Stress and fatigue are often unwelcome guests during the holiday season.  Stress might join you while cooking a holiday meal, decorating your house in preparation for a party, or shopping at a crowded mall.  It can manifest as aches and pains, prevent you from sleeping through the night, and dampen your spirits during the holidays.  You can beat back stress, and the inevitable fatigue it causes on your body.

Focus on the Positive – bring your attention to the experiences you most enjoy about the holidays.  Try going into each holiday gathering or interaction with a positive and loving intention.  It’s easier to maintain a positive attitude when you arrive in that mental state.

Spend Time Outdoors in Nature – spending time outdoors in nature can help enhance mental clarity, energize your mind and body, and connect you to your loved ones as well as the environment.

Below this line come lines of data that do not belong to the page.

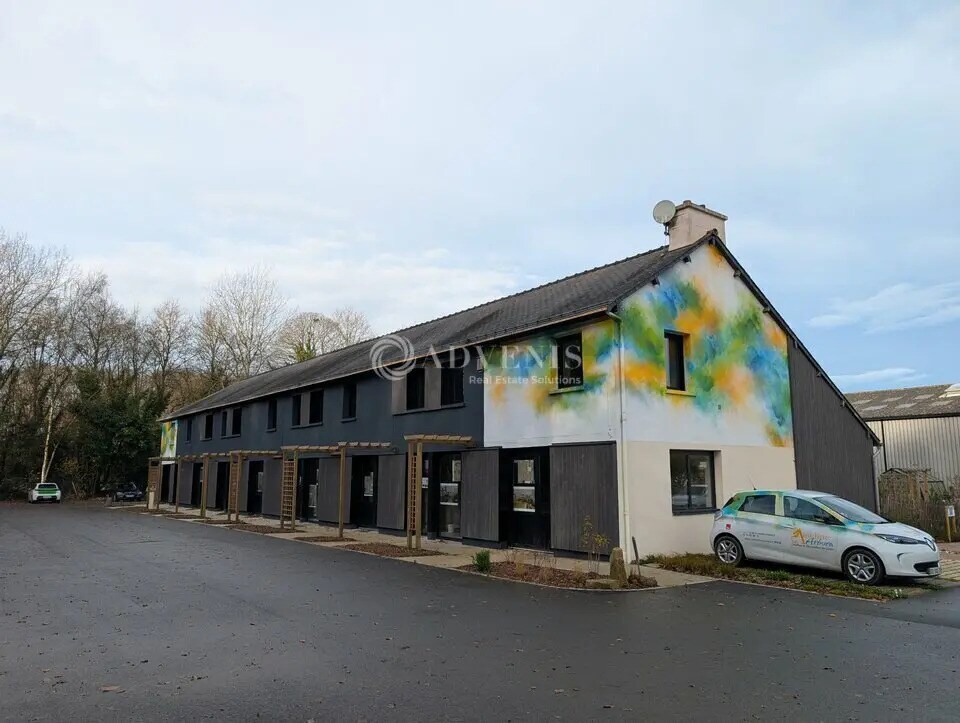 Flex in Saint-Samson-sur-Rance for lease Building Photo- Image 1 of 7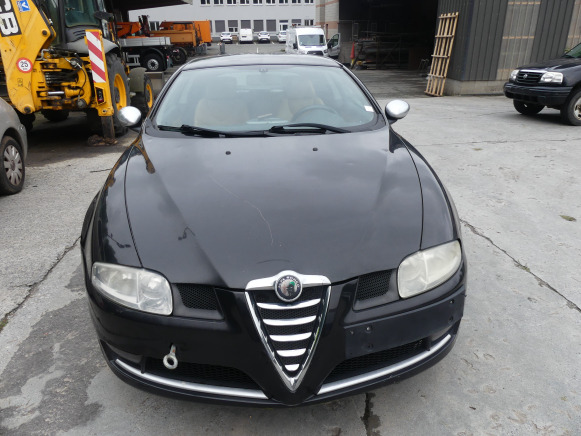 Voiture (saisie sur voirie) Alfa Romeo GT - Αυτοκίνητο: φωτογραφία 3 Voiture (saisie sur voirie) Alfa Romeo GT - Αυτοκίνητο: φωτογραφία 3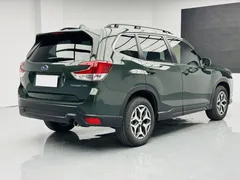 2022 Subaru Forester 2.0i AWD Luxury, зелёный — фото 6
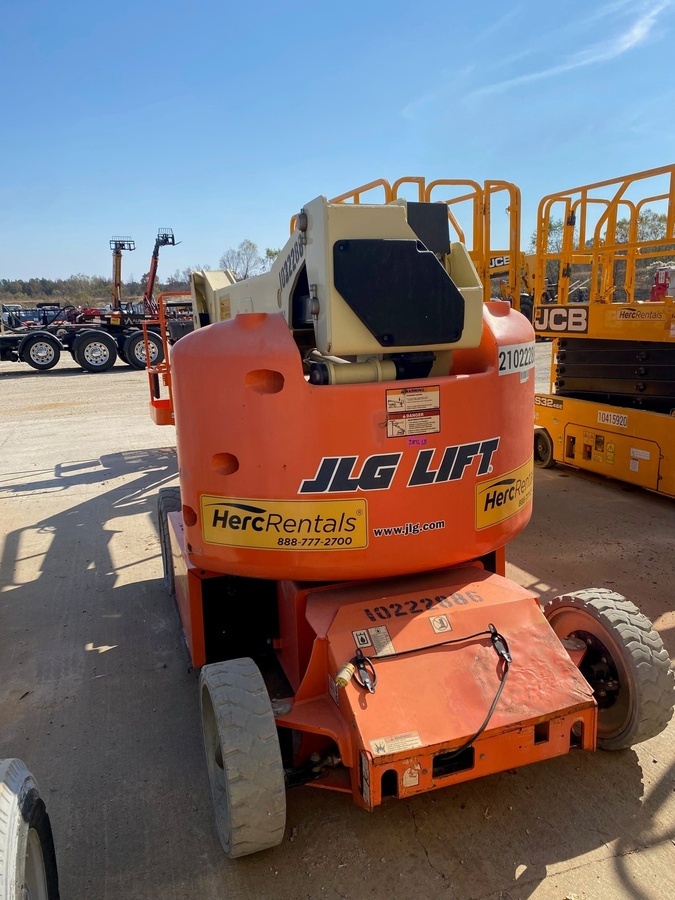 2017 JLG E400AJPN-2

Let Go of the Past – pretend you are a newcomer to your own family.  Approach them with curiosity and excitement.  Forget past transgressions, arguments, tears.  You are not condoning past wrongs by letting them go; you are just saying they cannot hurt you anymore.

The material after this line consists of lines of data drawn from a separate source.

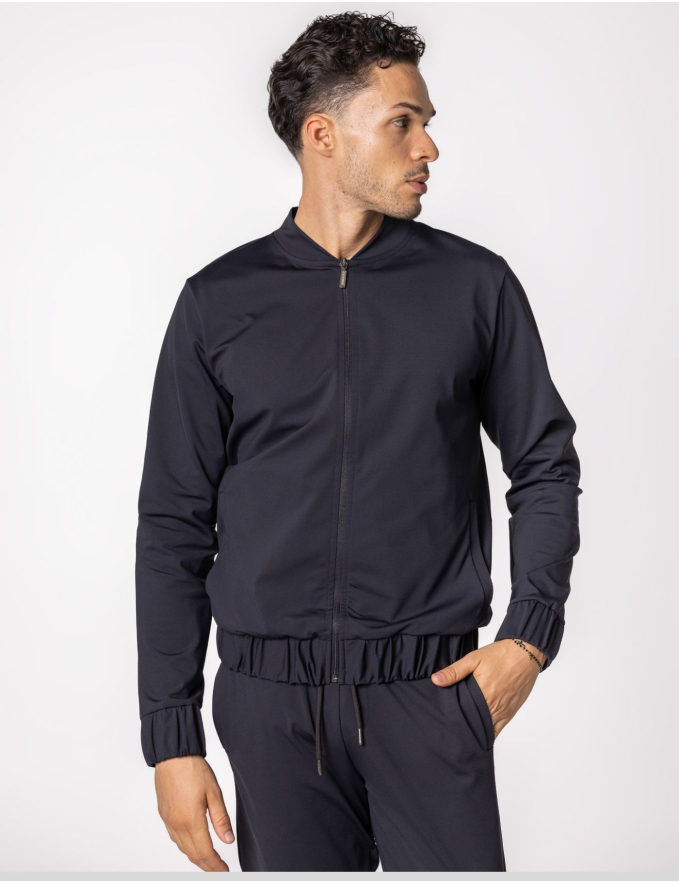 CASACO DE NYLON PRETO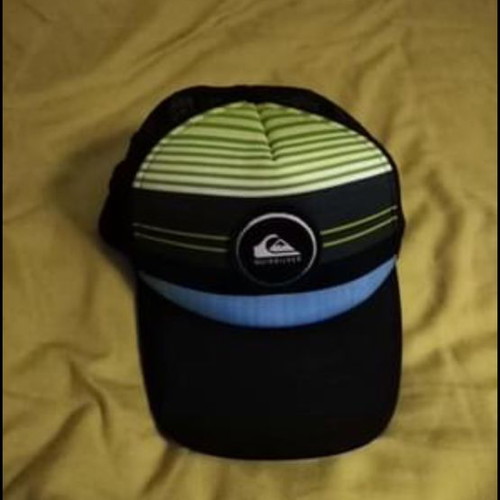 Quick Silver hat like new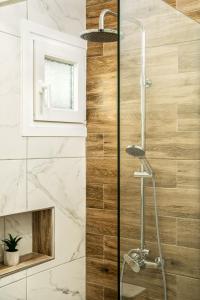 A bathroom at Stathis Studios II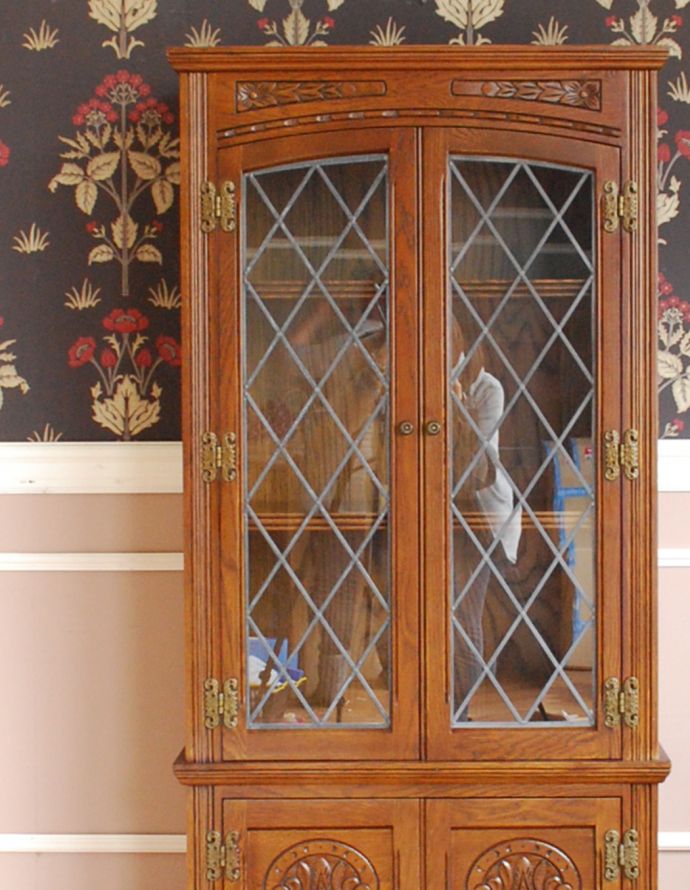 オールドチャーム　アンティーク風　ステンドグラス扉のスリムで可愛いオールドチャームの家具、アンティーク風ショーケース（飾り棚）。品のあるオーク材の色合い。(y-124-f)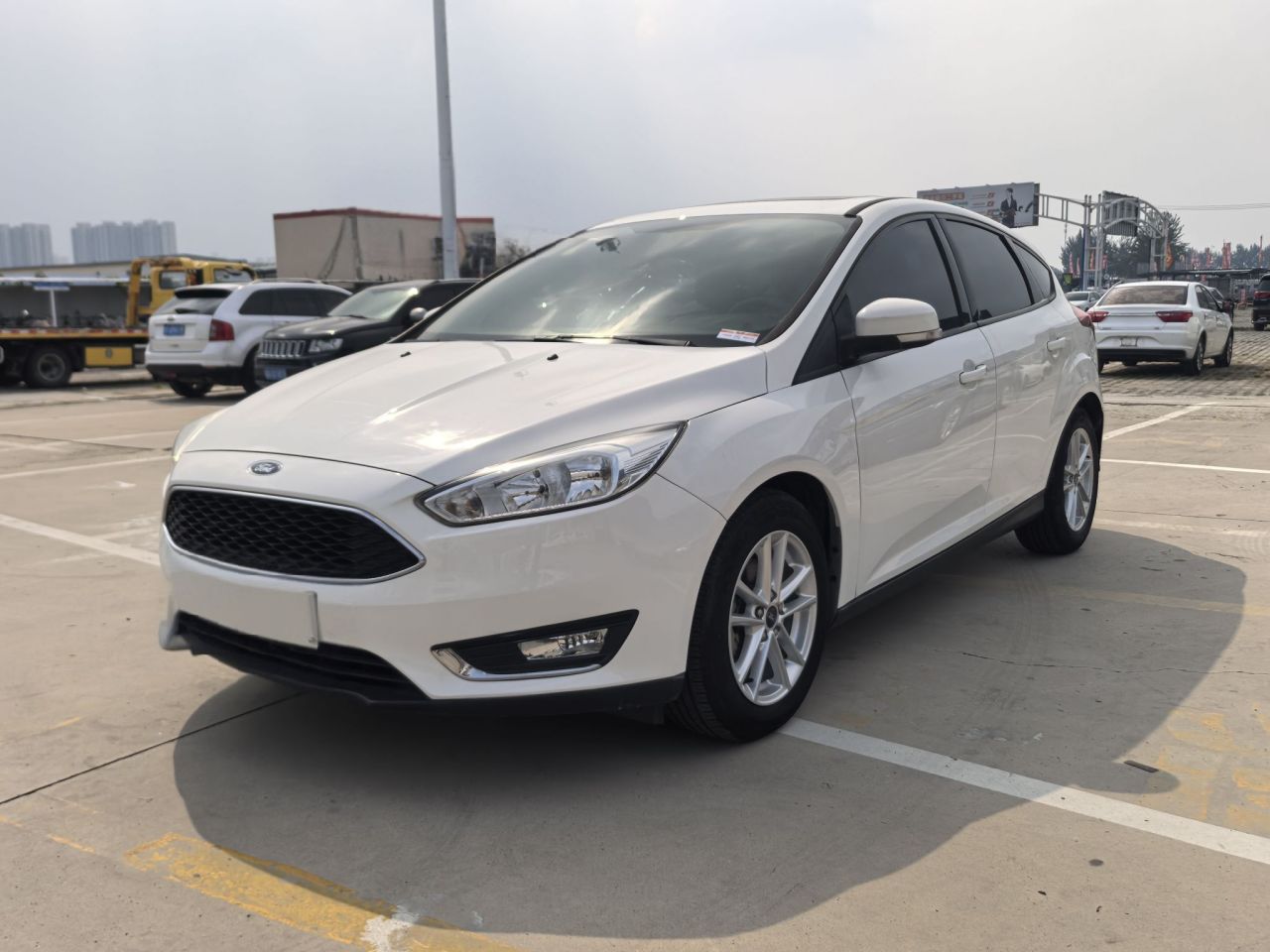 Focus 2017 Hatchback 1.6L AT Comfort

Take Time for Yourself – the holidays can be a time when we put everyone else’s needs first.  It’s easy to lose yourself in the chaos of the season.  Take some time to reflect on what practices you do to keep you balanced and peaceful throughout the year and make sure to adhere to them when things get crazy.

Stay in the Present – what is the best gift you could give to yourself and others at your holiday gathering?  Being present.  Cultivate appreciation for your friends and family in your life at the moment.

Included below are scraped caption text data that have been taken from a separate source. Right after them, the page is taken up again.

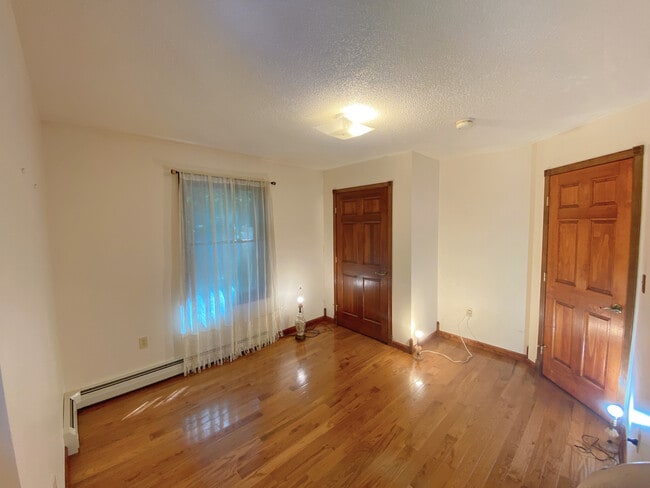 Building Photo - 48 Briarwood Rd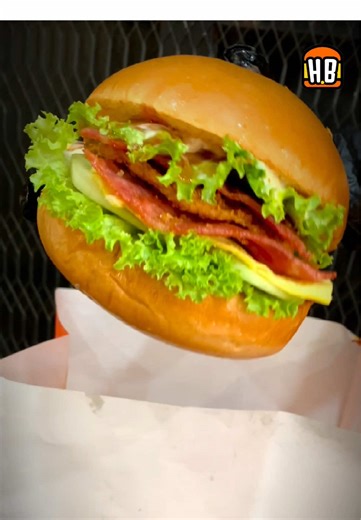 ဗိုက်ဆာနေပြီလား 🤤 HELLOBURGER ရဲ့ Crispy Chicken Burger ကိုရော Bacon Extra နဲ့ စားဖူးကြပြီလား 🥓 မစားဖူးသေးရင် အခုပဲ လာ try ကြည့်လိုက်နော် 😋🧡 #HELLOBURGER #baconburger #sagaing #ဗိုက်ဆာနေကြပြီလား #mandalay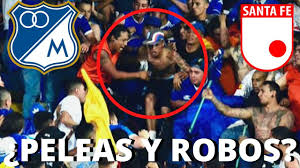 Críticas a carlos antonio vélez por pedir que continuara el show en medio de la pelea en el campín llueven críticas para el periodista carlos antonio vélez por pedir que el partido entre santa fe vs nacional debía continuar. Hinchas De Santa Fe Agreden Fuera Del Estadio Hinchas De Millonarios Se Atacan En El Campin Youtube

Hold realistic Expectations – if you become frustrated that the holidays aren’t going according to plan, remember there is no such thing as a perfect family or perfect holiday.  What can you learn and how can you grow from your family?

Maintain Your Routine – as much as possible, maintain your typical sleeping, eating, and exercise schedules.  Your vitality can be weakened by changes in routine, which can lead to feelings of anxiety or irritation.

Make Clear Requests – your friends and family won’t know what’s important to you unless you voice it.  Clearly stating your needs can help to reduce holiday stress and develop closer family ties.

Practice Gratitude – gratitude is a powerful force that you can use to expand your happiness, improve your health, and – you guessed it – help you cope with stress.  Organize a time when your family sits down to share what they love about the holidays, or about individual members of the family.

Say Cheese – no one can deny the mind-body connection.  So, it you’re looking for a way out of stress, you’ll need to smile more.  Organize a family photo shoot or make sure to have your camera on-hand when everyone first arrives to the holiday meal, gathering, or party.  Capture those first hugs, ask for the best grins, and snap all those treasured moments.  You can revisit them mid-year to remember how great the holidays can actually be.

Make Restful Sleep a Priority – good quality rest is one of the pillars of healthy living.  In rhythm with the sun going down and birds flocking to their nests, we should also go to sleep early, ideally before 10pm.  If you are a late riser, try shifting your bedtime closer to 10pm by 15 minutes per night.  This will give you the time to enjoy nature’s early morning calm, ever-more important during the stressful holiday season.

The Secret to making your holiday inspiring is actually quite simple.  Be inspiring yourself.  As with any change, you must be the change you want to see in others.

All of us at ELM Mental Wellness wish you and your family a Safe, Happy, Inspiring Holiday Season!